• _Activity_: With all pictures omitted, return verbatim the lines from the beginning of the records below through the line containing "Sommerhus - 7".

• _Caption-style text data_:
* * * *

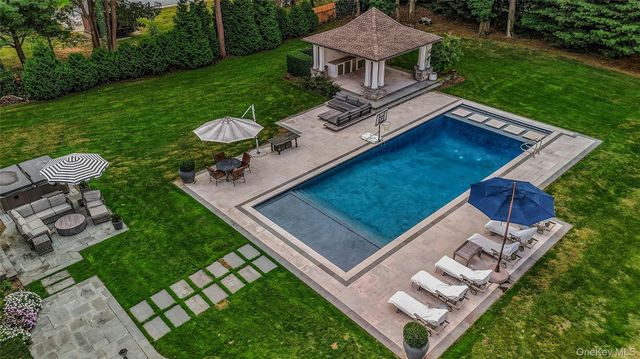 192 Burtis Lane, Muttontown, NY 11791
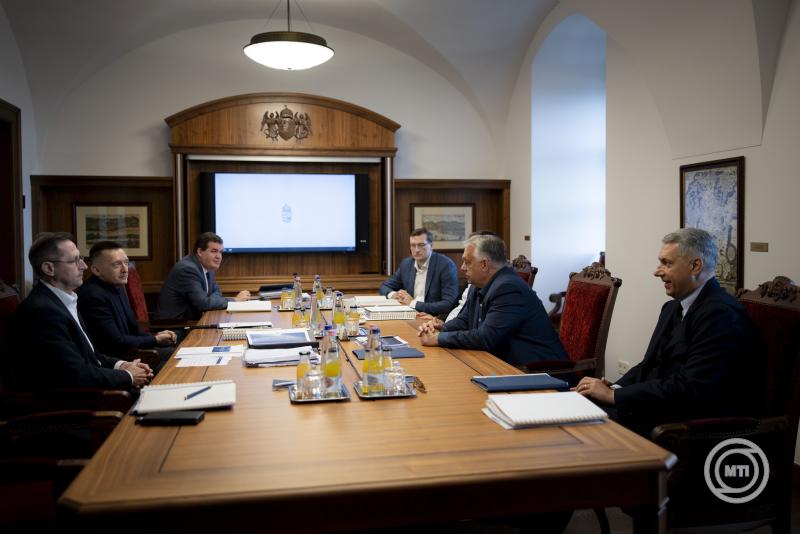 Orbán Viktor rendkívüli gazdasági egyeztetést hívott össze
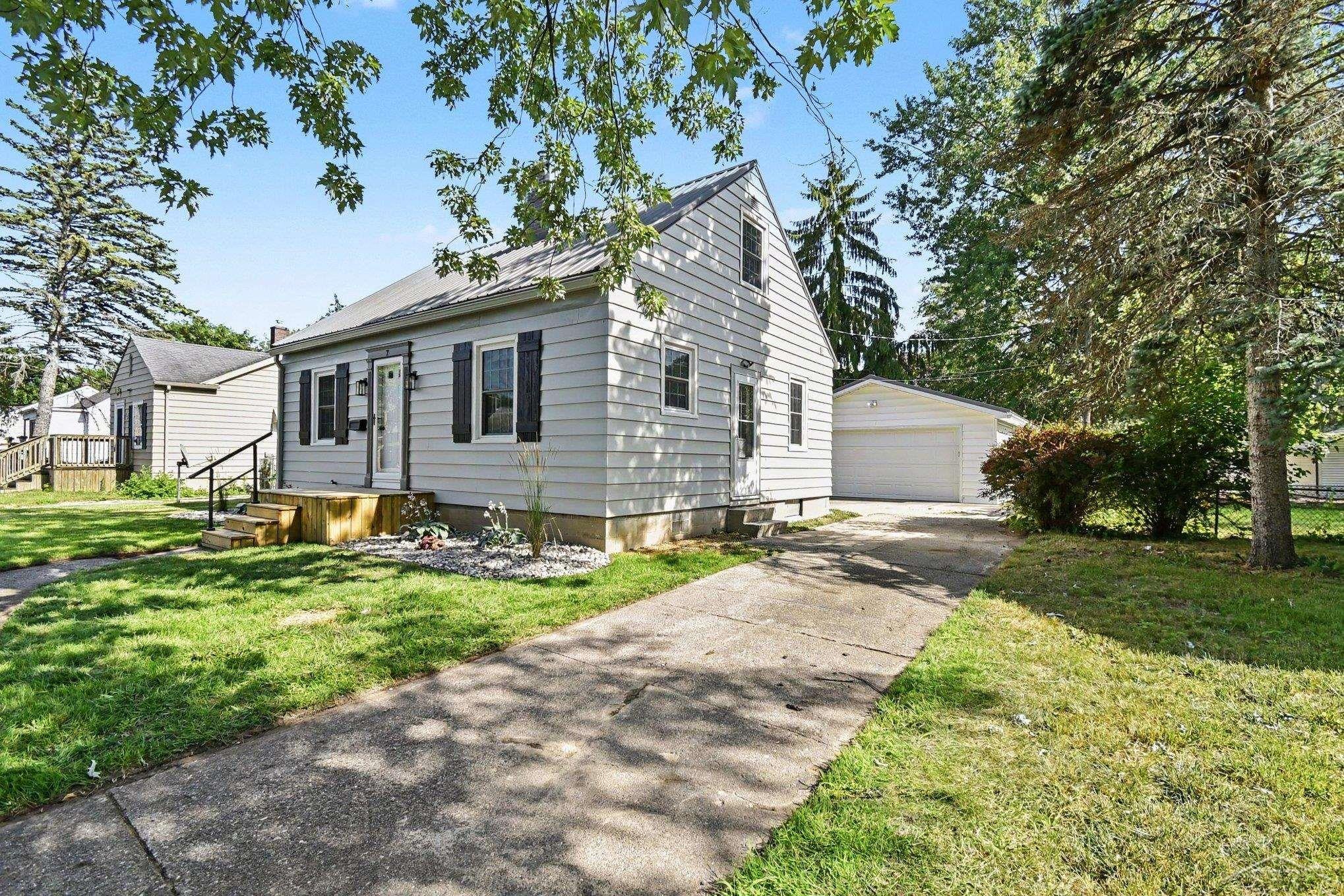 7 Southlawn Court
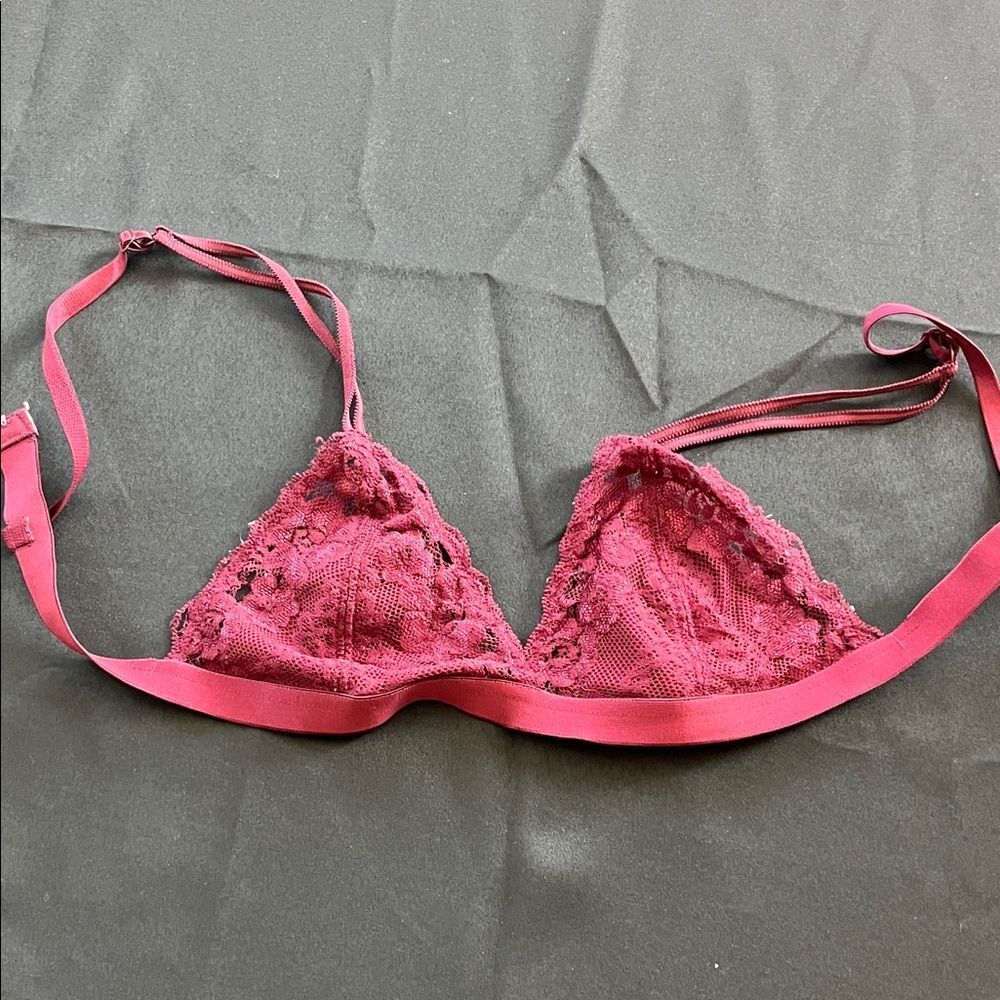 Chic Lace Bralette in Vibrant Pink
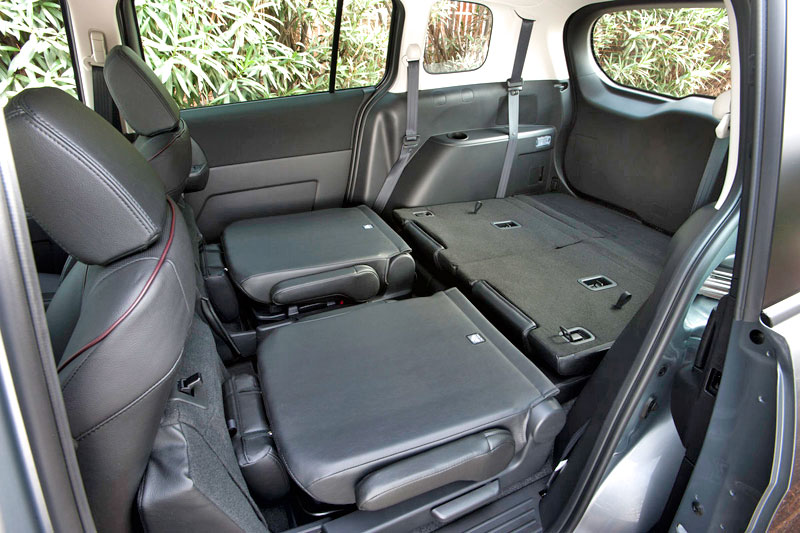 /cheapcarsimg/2013-mazda-mazda5-interior-rear-seats.jpg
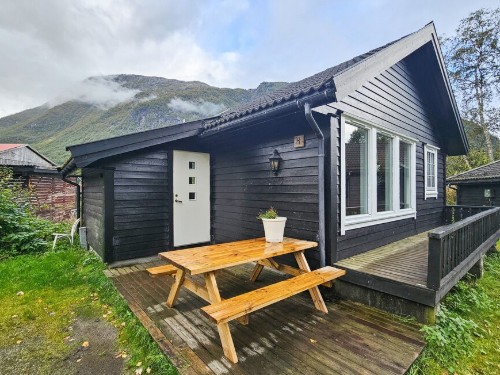 Sommerhus - 7 personer -  - Kyrkjevegen 24 nr. - 5760 - Røldal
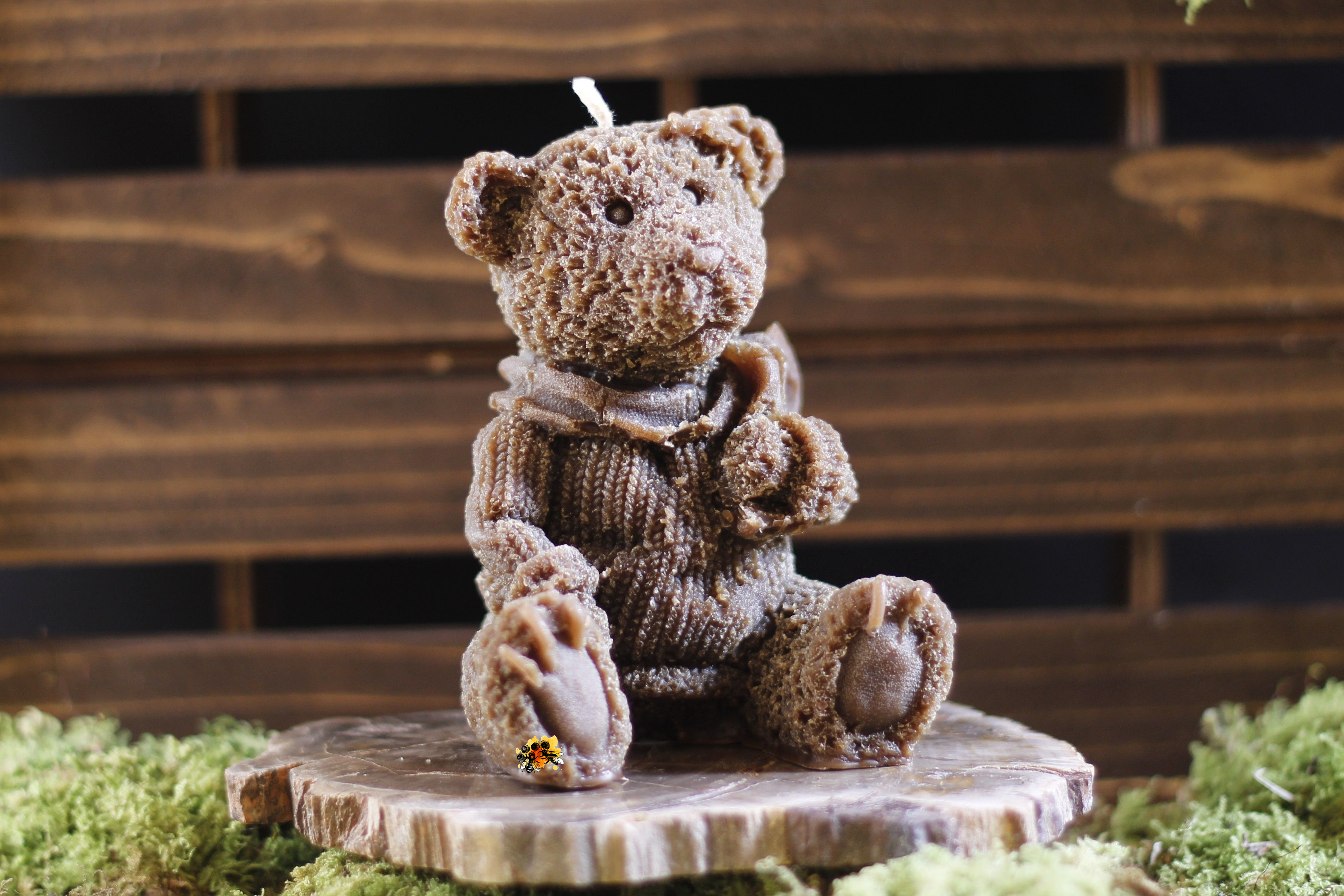 Bär "Rufus mit Schal" Bienenwachskerze braun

* * * *

• _Solution to this task_:
 192 Burtis Lane, Muttontown, NY 11791
 Orbán Viktor rendkívüli gazdasági egyeztetést hívott össze
 7 Southlawn Court
 Chic Lace Bralette in Vibrant Pink
 /cheapcarsimg/2013-mazda-mazda5-interior-rear-seats.jpg
 Sommerhus - 7 personer -  - Kyrkjevegen 24 nr. - 5760 - Røldal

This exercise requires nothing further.